Un modello di viticoltura condivisa e responsabile
La sostenibilità, in Montecucco, è sempre stata coniugata con la qualità. Lo ha ricordato l’agronomo Giuliano Guerrini, ripercorrendo l’evoluzione viticola dell’area, culminata con progetti come la “Selezione Poggi del Sasso”, nata per valorizzare viti centenarie franche di piede.
Anche Claudio D’Onofrio, dell’Università di Pisa, ha posto l’accento sull’urgenza di guardare alla montagna come risorsa per il futuro, auspicando l’espansione dei vigneti verso le quote più alte del Monte Amiata, “per conservare la freschezza e l’identità del Sangiovese in un clima che cambia”.

Tra gli interventi più apprezzati, quelli dedicati alla viticoltura biologica di precisione, come il progetto Biopass, presentato da Patrizia Chiari (Tenuta l’Impostino), che analizza in modo scientifico la biodiversità e la salute del suolo in collaborazione con centri di ricerca come l’Università di Milano e la Fondazione Edmund Mach.

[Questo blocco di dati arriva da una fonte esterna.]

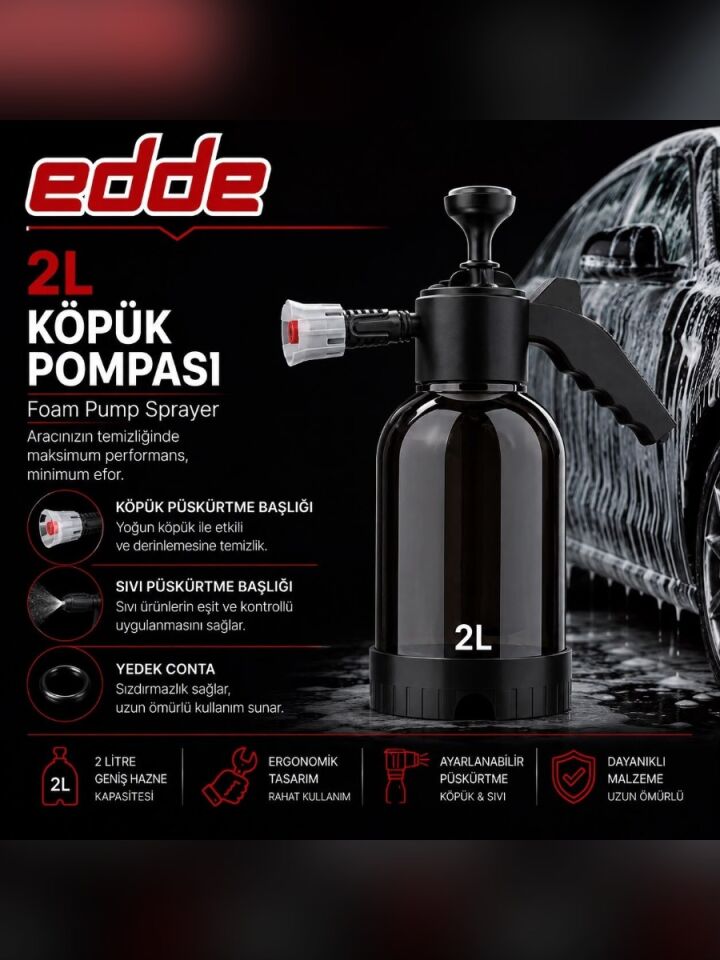 Edde Araba Araç Oto 2l Köpük Pompası Sıvı Püskürtme Pompası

Non è mancata la voce delle nuove generazioni che oggi scelgono di investire in quota, come Silvio Mendini (Podere Montale), che ha testimoniato una viticoltura “resiliente, rigenerata e rigenerante” sulle pendici dell’Amiata.
A chiudere i lavori, Francesco Benedetti, presidente del Biodistretto del Montecucco, ha definito la sostenibilità non solo un metodo ma “un patto di comunità, un motore di coesione tra aziende, istituzioni e cittadini”.